Re: Searching with or without diacritics

Posted by AHMET ARSLAN <io...@yahoo.com>.
> Hi,
> 
> Thanks for the suggestions, perhaps I am closer to the
> goal, but still don't
> get the result. I would like to find accented characters
> (mapped by the
> MappingCharFilterFactory) by writing unaccented queries. On
> this page:
> 
> http://issues.ez.no/IssueView.php?Id=14742&activeItem=2
> 
> I've found that the MappCharFilter should be added to both
> the index and
> query type of analyzers.... I heard of these two types now
> for first. Is
> this the issue? I did not have so far any my analyzers
> marked with type "index" neither "query".

Since it is not marked with type "index" neither "query", it used for both.

Can you try this fieldType and give feedback: 

<fieldtype class='solr.TextField' name='text' positionIncrementGap='100'>
      <analyzer>
        <charFilter class="solr.MappingCharFilterFactory"
          mapping="mapping-ISOLatin1Accent.txt"/>
          <tokenizer class="solr.CharStreamAwareWhitespaceTokenizerFactory"/>
          <filter class='solr.LowerCaseFilterFactory' />
      </analyzer>
</fieldtype>

Just to make sure: 

You are using latest nightly build of solr, right?

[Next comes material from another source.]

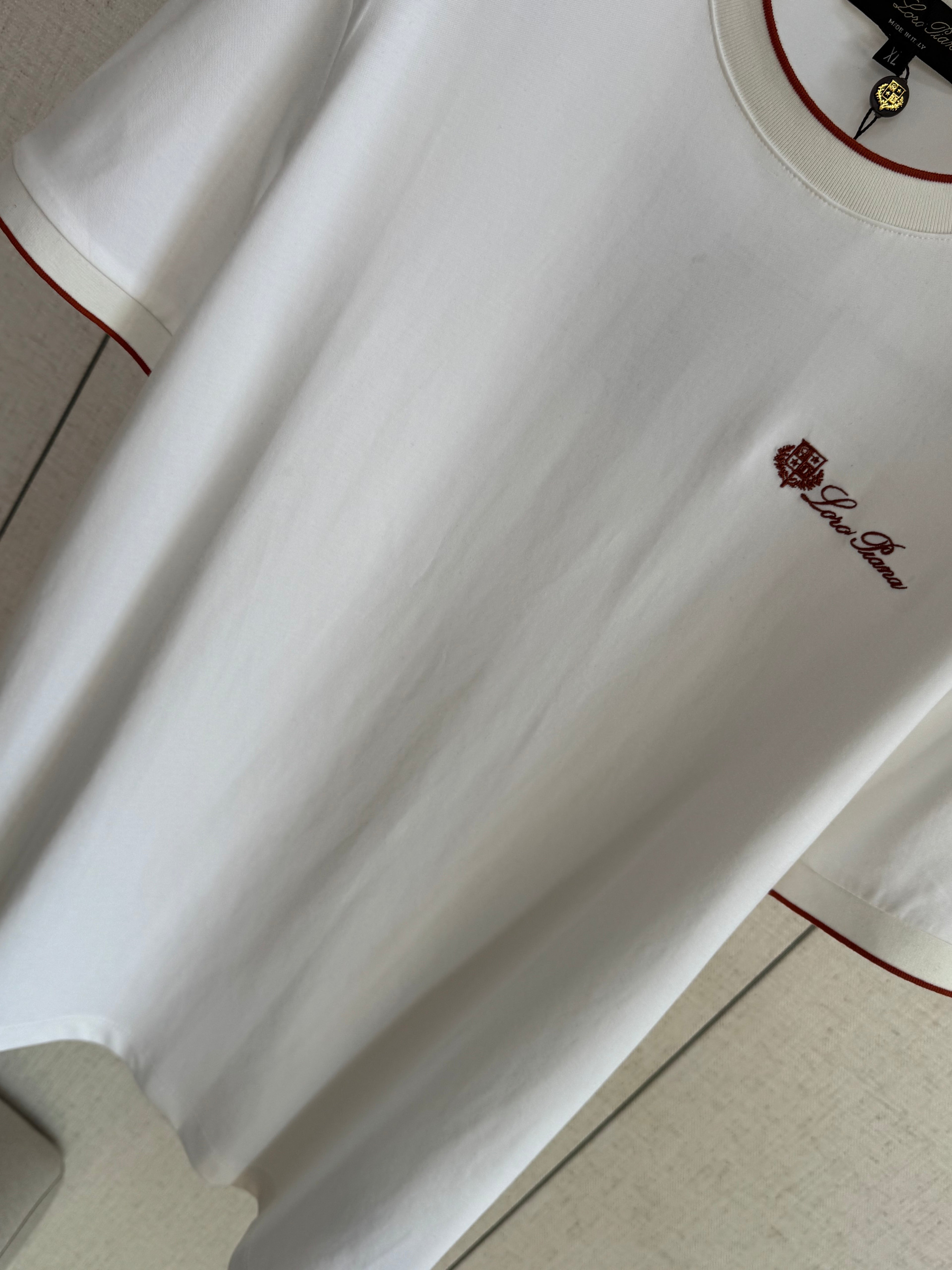 Loro 25fw embroidered t-shirt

mapping-ISOLatin1Accent.txt file - under the conf directory - contains the character mappings that you want to replace?

Just FYI StandardFilter is meaningless without StandardTokenizer. So i removed it from you field type.

Hope this helps.


      

Re: Searching with or without diacritics

Posted by György Frivolt <fi...@gmail.com>.
Hi,

Thanks for the suggestions, perhaps I am closer to the goal, but still don't
get the result. I would like to find accented characters (mapped by the
MappingCharFilterFactory) by writing unaccented queries. On this page:

http://issues.ez.no/IssueView.php?Id=14742&activeItem=2

I've found that the MappCharFilter should be added to both the index and
query type of analyzers.... I heard of these two types now for first. Is
this the issue? I did not have so far any my analyzers marked with type
"index" neither "query".

Now I use these schema.xml snippets.

    <fieldtype class='solr.TextField' name='text'
positionIncrementGap='100'>
      <analyzer>
        <charFilter class="solr.MappingCharFilterFactory"
          mapping="mapping-ISOLatin1Accent.txt"/>
        <tokenizer class="solr.WhitespaceTokenizerFactory"/>
        <filter class='solr.StandardFilterFactory' />
        <filter class='solr.LowerCaseFilterFactory' />
      </analyzer>
    </fieldtype>

and

    <field indexed='true' multiValued='true' name='text' stored='false'
type='text' />

Please excuse my little knowledge in solr...very curious about cracking this
nut. Thanks!

Georg


On Thu, Sep 17, 2009 at 7:26 PM, AHMET ARSLAN <io...@yahoo.com> wrote:

> > The sequence of the TokenizerChain is
> > not correct... Filters must be after tokenizer:
>
> Correct for TokenFilter(s), wrong for charFilter(s).
>
> MappingCharFilterFactory comes before tokenizer.
>
>
>
>
>
>
>

Re: Searching with or without diacritics

Posted by AHMET ARSLAN <io...@yahoo.com>.
> The sequence of the TokenizerChain is
> not correct... Filters must be after tokenizer:

Correct for TokenFilter(s), wrong for charFilter(s).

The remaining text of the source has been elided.